In every region of every continent, from the striking pyramids of Egypt to
the industrial cities of America, to the snow-governed suburbs of Moscow,
sonorous feisty voices of Muezzins and chanting of praises of Allah are
often heard reverberating from Mosque minarets. The followers of Islam,
estimated at over a billion, have unique characteristics that when combined
make Islam more of a way of life than a social club propelled by artificial
codes of imagination.

Many non-Muslims at the mention of Islam think of Muslims bowing and
prostrating towards Mecca. Others think of a bearded person wearing an
overflowing garb who is backward, fanatic and narrow minded in out look in
life. A plethora of vices ranging from terrorism, to polygamy and women
surbodination are often so blindly linked to this peaceful religion that has
answers to every ill of society.

However, in an open letter addressed to Israel’s politically diverse
parliament, Nasir Ahmed, a heroic resident of the trouble spot zone of West
Bank wrote “ I’ve passed through the tunnel into the light… I’ve fought and
struggled to reach the choice, and now it’s arrived, it daunts me. When I
look behind, I see the chains discarded on the ground and an empty black
void.” Though this moving description is a graphic experience of Nasir’s
existence in the West Bank, its general meaning is in fact a symbolic
representation of the state of Islam in our politically intricate global
village.

The Islamic ideology has all the elements and forces that make it
comprehensive and practicable, moderate and flexible. Its divine origin
reveals only the fundamental and inviolable principles. This flexibility in
Islam is a matter of fact a necessity. But because of their universal
outlook and cosmopolitan orientation, Muslims are often considered blind
fanatics or narrow-minded conservative people. And it is incredible that
such drastic and far-fetched incivilities come from sources presumably
knowledgeable and is passed to a public entitled to know.

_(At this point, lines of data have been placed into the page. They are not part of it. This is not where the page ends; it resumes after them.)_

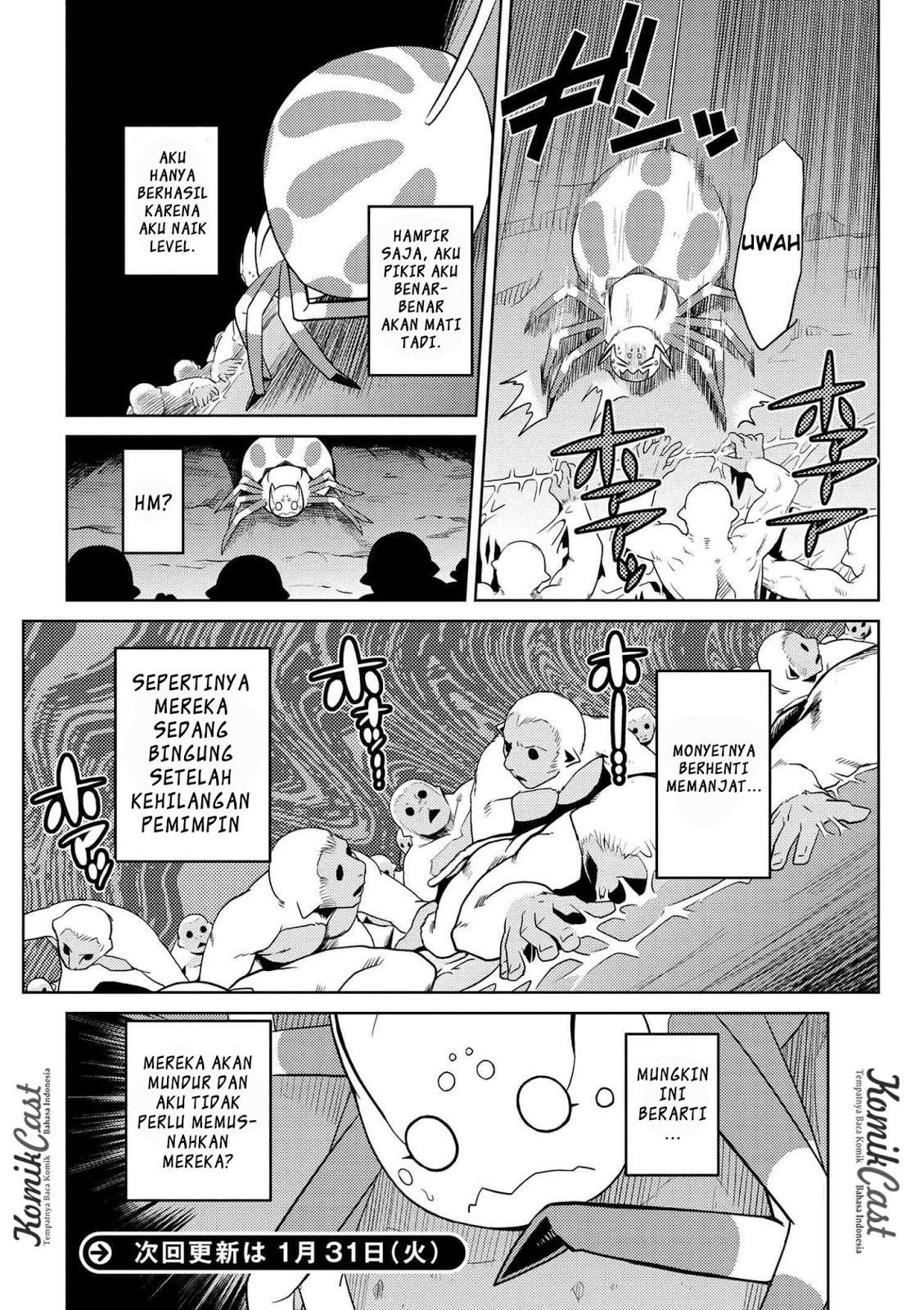 Chapter 14.3 - halaman 10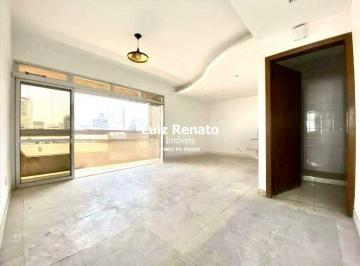 Apartamento · 100m² · 3 Quartos · 2 Vagas · Apartamento á venda no bairro Lourdes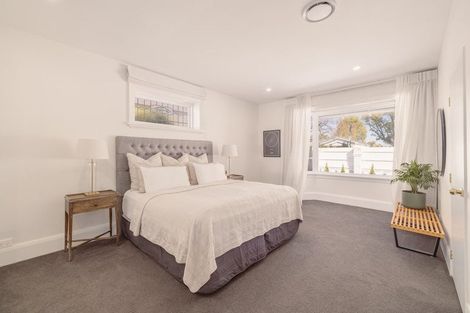 Photo of property in 46 Francis Avenue, Mairehau, Christchurch, 8013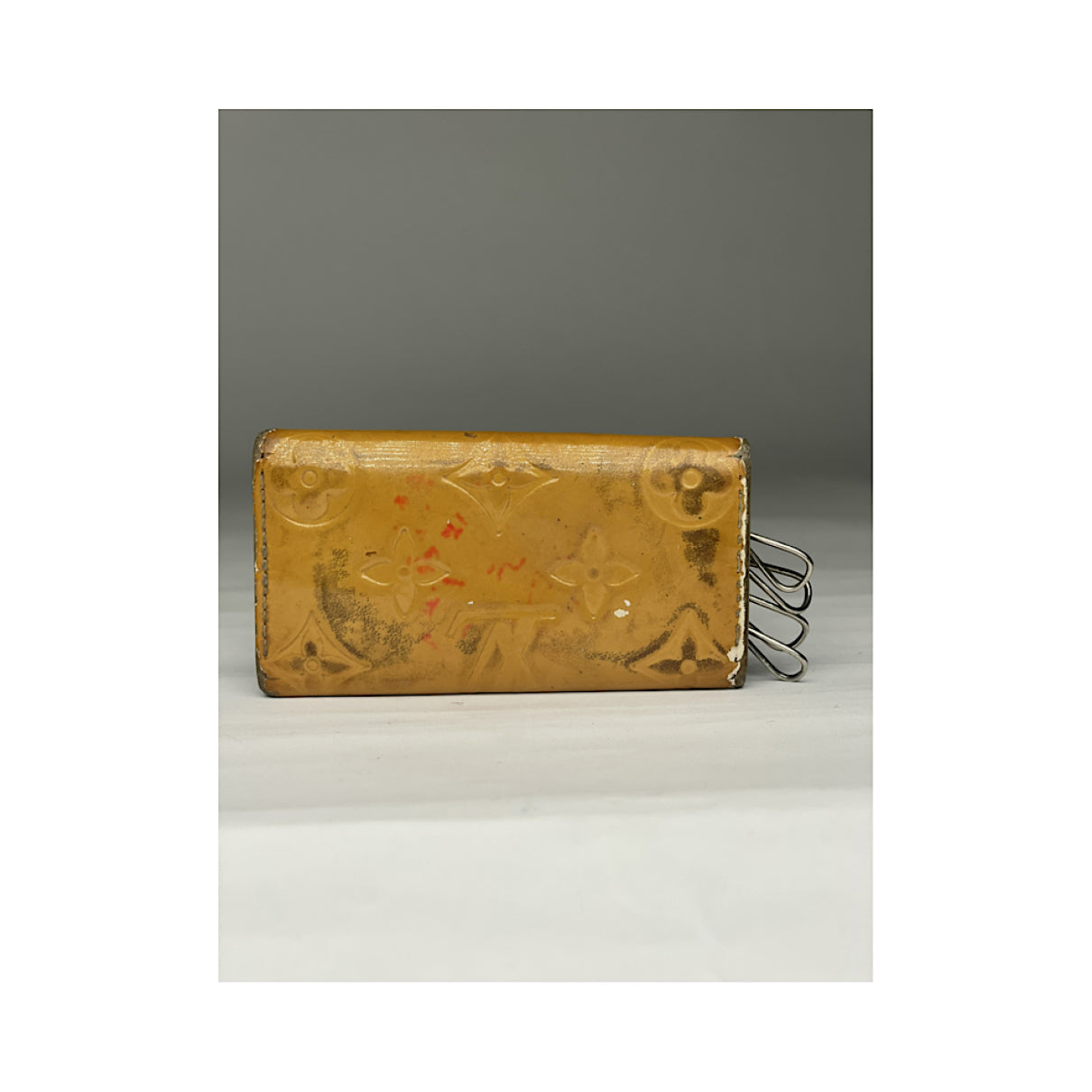 Louis Vuitton Lockme Purse image 3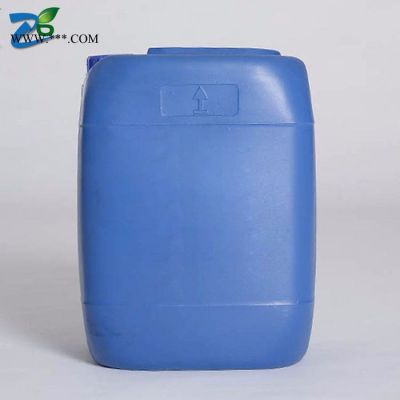 中貝環(huán)保ZDT-10 快速液體脫色劑 印染廠用污水脫色劑 東莞惠州脫色劑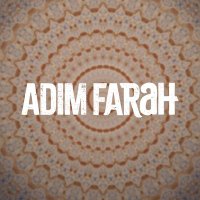 Adım Farah(@adimfarahdizi) 's Twitter Profileg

Whether it is the neatly stacked files of West Minister or the computerised
strong rooms of the C I A, names and locations of Islamic Organisations,
countries and Muslim personalities are coded in secret files with footnotes
describing the listed institutions as “Islamic Terrorists.” Why and how such
a scathing judgement is arrived at is surely beyond the widest horizon of
the imagination of any one who thoroughly comprehends the basic tenets of
Islam. Indeed to juxtapose a peaceful religion with considerable strings of
tolerance and concern for human life, to the posture of terrorism, is both
an abysmal piece of hypocrisy and propaganda at work. This subject, simple
as it may appear, is becoming an effective mechanism in fighting a religion
that strongly condemns human vices, mostly entrenched clauses inserted in
Western constitutions.

Unfortunately, the apparent lack of inaction of the Muslim Ummah to respond
to these deadly pints of propaganda creates distrust and lack of respect for
Muslims. Travel to any country in Europe or America and call yourself a
strict Muslim proud of your religion. A confetti of rolled eyes would be
directed at you perhaps wondering if you are one of those terrorists
connected with Hamas or the Islamic Salvation Front. Further carry a bulky
bag in proper Muslim attire and the police would quickly search you.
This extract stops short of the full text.